Professor Henry Srebrnik

Professor Henry Srebrnik

Wednesday, July 03, 2013

Mandela Had Help Fighting Apartheid

Henry Srebrnik, [Charlottetown, PEI] Guardian

Nelson Mandela, now almost 95 years old and in perilous health, is truly one of the great men of our time. He has been a source of inspiration to people around the world.

Mandela had joined the African National Congress (ANC), already 32 years in existence, in 1944 and would eventually become its leader. He was imprisoned by the South African apartheid regime for 27 years for leading the struggle against white minority rule. Released in 1990, four years later he became the first black president of South Africa.

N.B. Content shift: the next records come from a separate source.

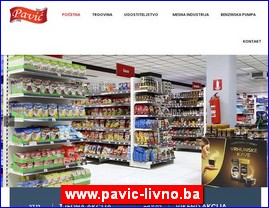 Supermarkets, trade, www.pavic-livno.ba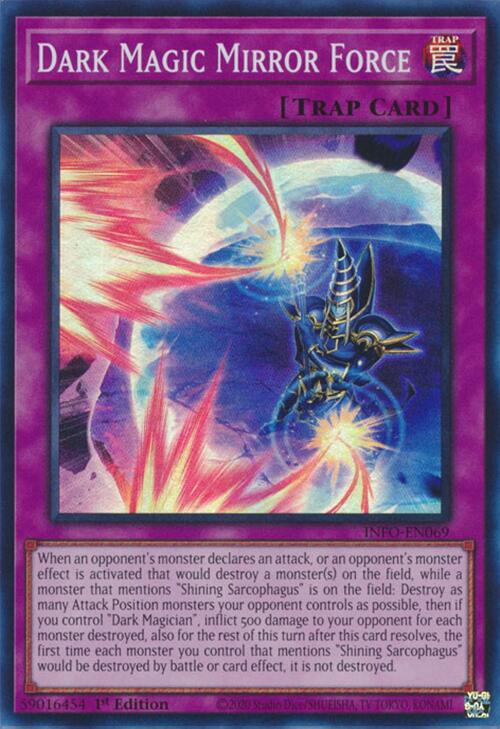 Dark Magic Mirror Force [INFO-EN069] Super Rare | Galaxy Games LLC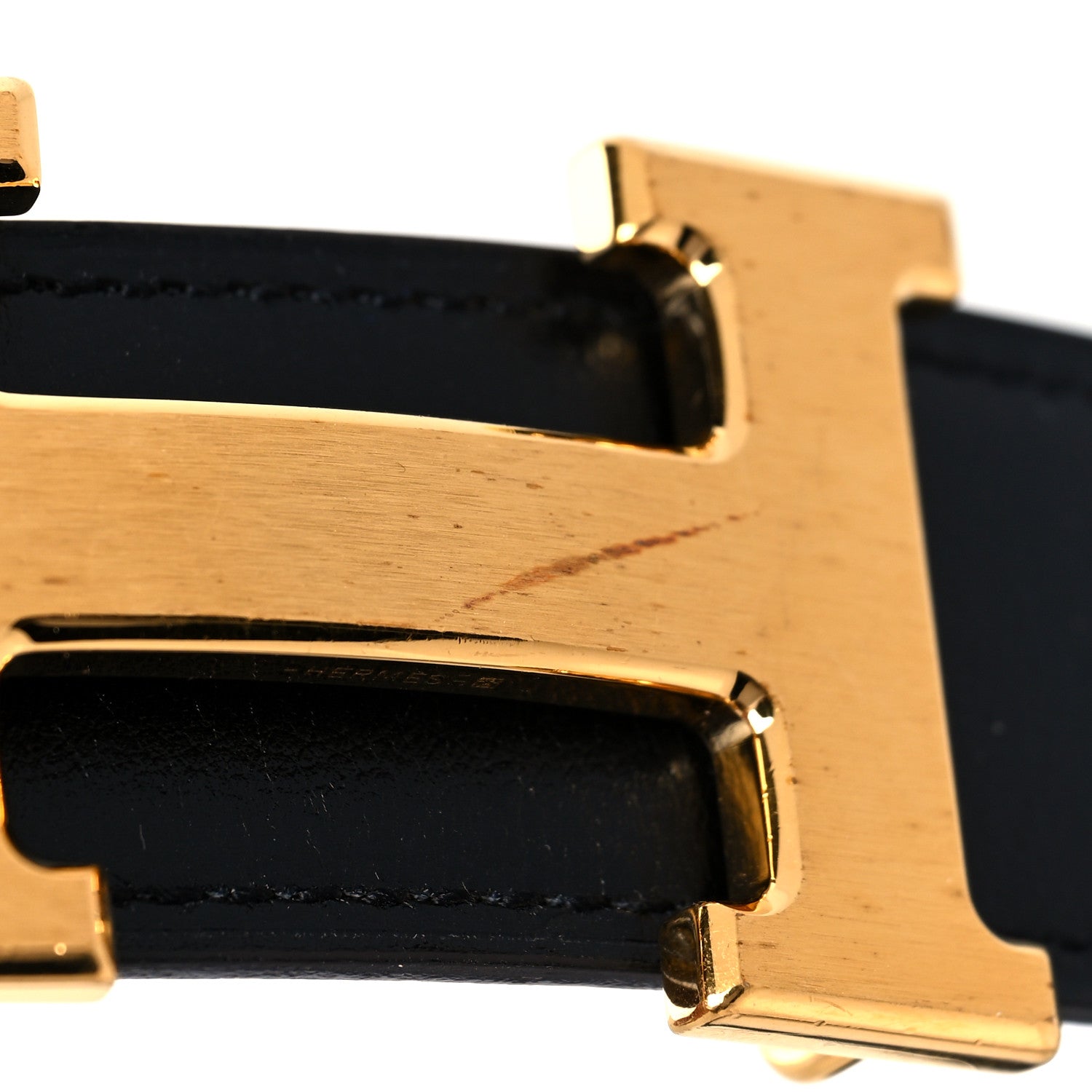 Hermes Box Togo 32mm H Belt 95 Black Etain 6 of 6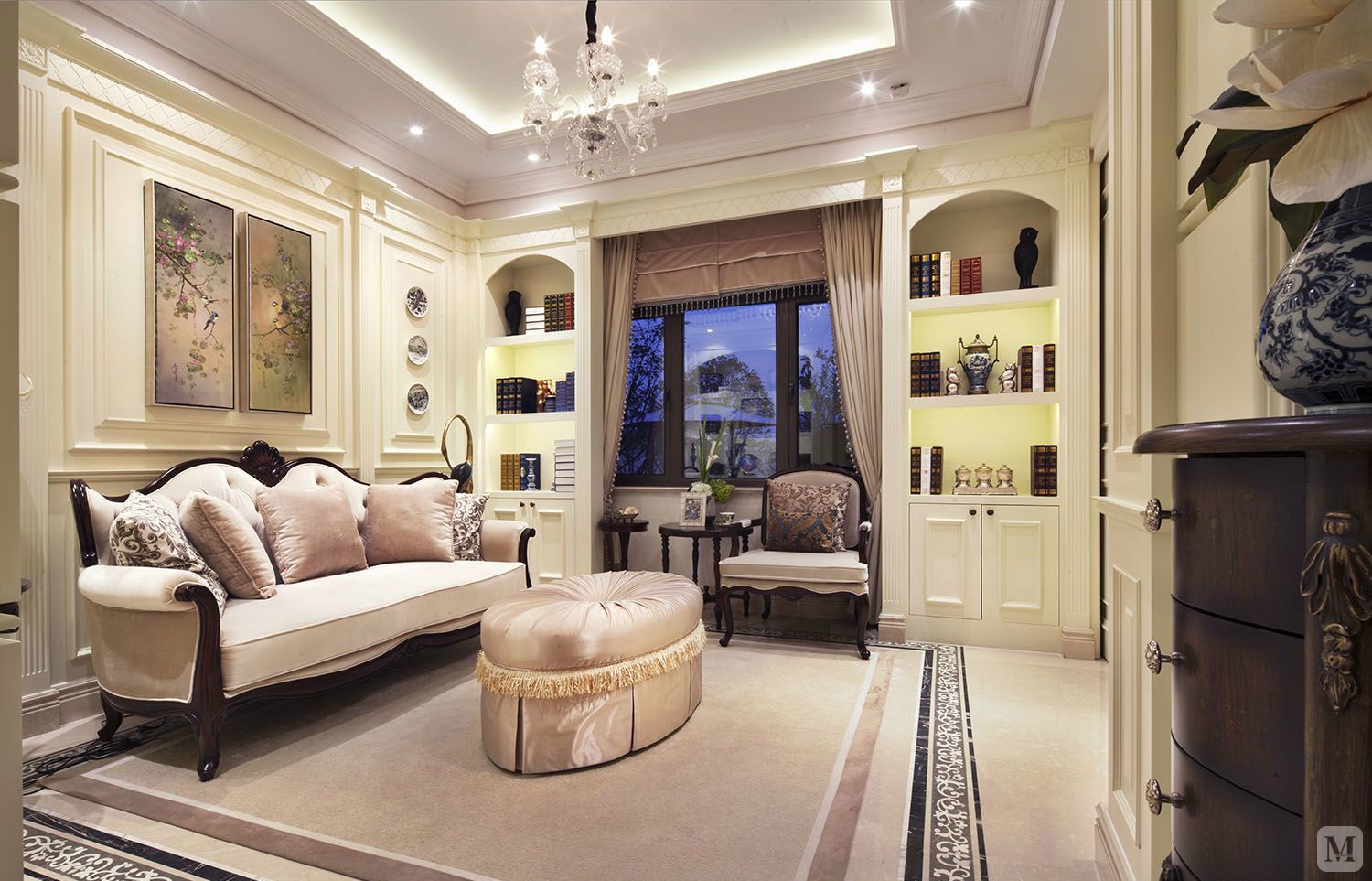 4万380㎡美式别墅装修骏浩华庭潘先生家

Less well-known is the part played by some Jewish South Africans, many of them Communists, in the anti-apartheid movement. Among the white population, Jews were disproportionately involved in the struggle, many times greater than one would expect for a community that never formed much more than three per cent of the white population.

Mandela acknowledged this in his 1994 autobiography Long Walk to Freedom: The Autobiography of Nelson Mandela, writing that in his experience, he had "found Jews to be more broad-minded than most whites on issues of race and politics, perhaps because they themselves have historically been victims of prejudice."

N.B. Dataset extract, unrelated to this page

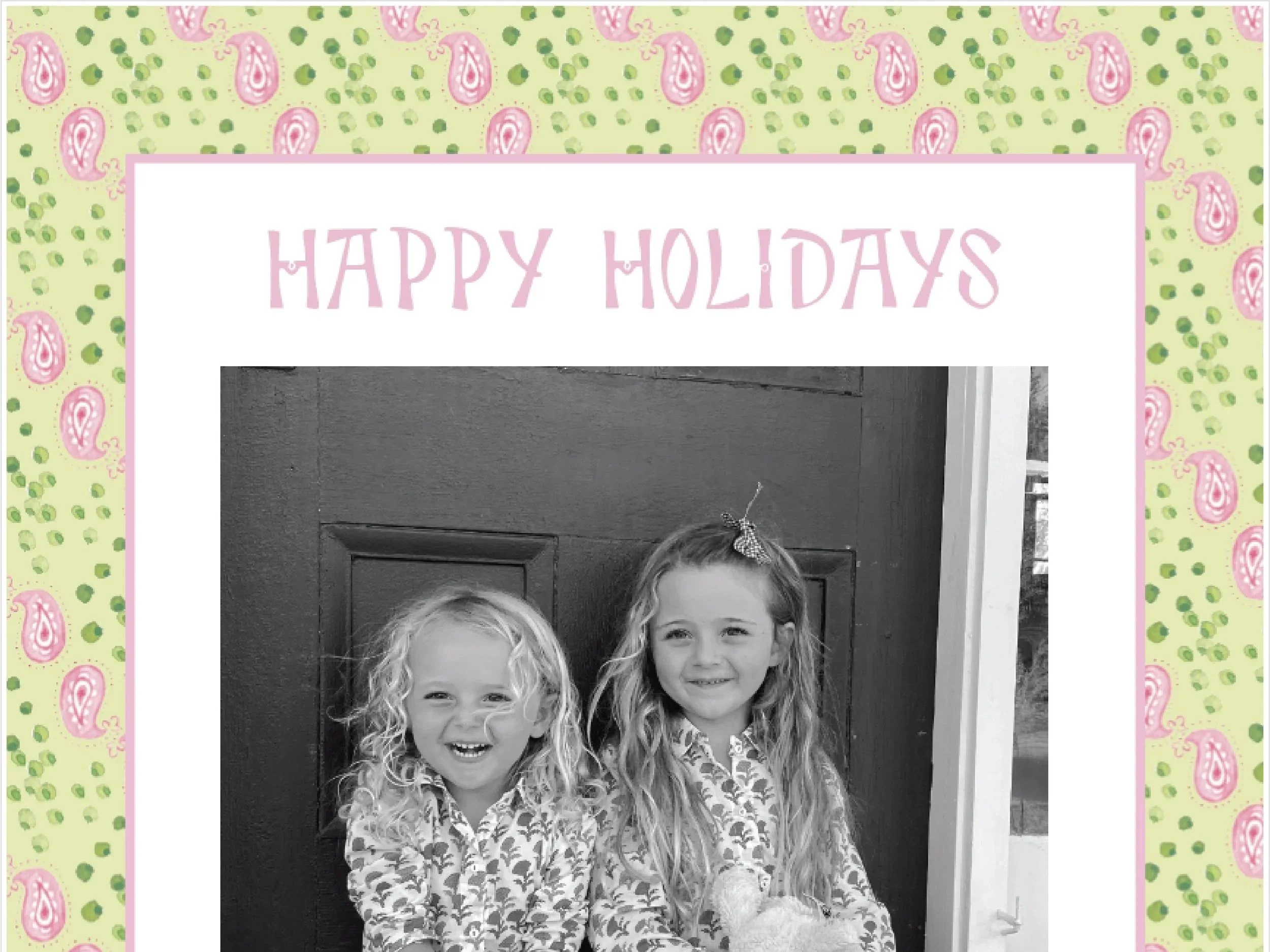 Celery Holiday Photo Card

The most prominent Jewish member in the ANC was Joe Slovo, who rose to occupy key positions within both the Communist Party and within the ANC's armed wing Umkhonto we Sizwe (Spear of the Nation), founded in 1961. He was the first white to be elected to the national executive of the ANC.

After the transition to democracy in 1994, he served as minister of housing under President Mandela. His wife Ruth First, murdered while in exile in 1982, was also an active member of the resistance to the South African regime.

"When future generations look back on the 1994 breakthrough," said Nelson Mandela, speaking at Slovo's funeral in 1995, "they will be justified in saying: Uncle Joe was central in making it happen."

Two other opponents of apartheid were Arthur Goldreich and Harold Wolpe. After the Sharpeville massacre of 1960, in which 69 Black South Africans were killed, Goldreich, who had fought in Israel's War of Independence in 1948, and Wolpe, a lawyer, bought Liliesleaf Farm, near Johannesburg, in 1961.

It became an operations centre for Umkhonto we Sizwe. Goldreich passed on to Mandela and others the military expertise he had gained more than a decade earlier in Israel. As Mandela later recalled, "He was knowledgeable about guerrilla warfare and helped fill in many gaps in my understanding."

On July 11, 1963, security police raided the farm and captured 19 members of the underground, charging them with sabotage. All of the white activists arrested in the raid or shortly thereafter were Jews with Communist affiliations. Of these, only Lionel Bernstein and Denis Goldberg actually stood trial in the end.

In October 1963 Nelson Mandela joined Bernstein, Goldberg and seven others accused of sabotage in what became known as the Rivonia Trial, which stirred anti-Semitic responses. Criminal Investigation Chief R. J. van den Bergh made reference to the raid in a speech in which he stated that foes of apartheid might be "instruments of Jews."

On June 11, 1964 Nelson Mandela and seven others, including Goldberg, were convicted and the next day they were sentenced to life imprisonment. Goldberg was sent to Pretoria Prison because he was white while the others went to Robben Island. Bernstein was acquitted for lack of evidence.

Also radicalized by the Sharpeville massacre was Ronnie Kasrils, who was a founding member of Umkhonto we Sizwe and was appointed its Chief of Intelligence in 1983. He held various cabinet positions in the post-apartheid governments of Nelson Mandela and Thabo Mbeki between 1994 and 2008.

During the mid-1960s, some 30 white anti-apartheid activists served prison sentences ranging from three years to life on account of their underground political activities. Twelve of these were Jewish.

Yes, there were those in the Jewish community who condoned the system of racial segregation, or looked the other way, though few voted for the Afrikaner-based National Party, the architect of apartheid, which took power after 1948.

Jews had to tread warily in a country governed by people who looked askance at them. The governing party was home to many anti-Semites who had admired Hitler and the Nazis during World War II.

Still, the best-known leaders of the opposition in the South African parliament were Jewish, including Harry Schwarz, who had been a defence counsel at the Rivonia trial, and Helen Suzman, who from 1961 to 1974 was the sole elected representative of the Progressive Party.

She was regularly jeered in the House of Assembly with taunts such as "Go back to Israel." Schwartz became South Africa's ambassador to the United States when apartheid was dismantled.

Within the white population of South Africa, none had a record as good as that of the Jewish community.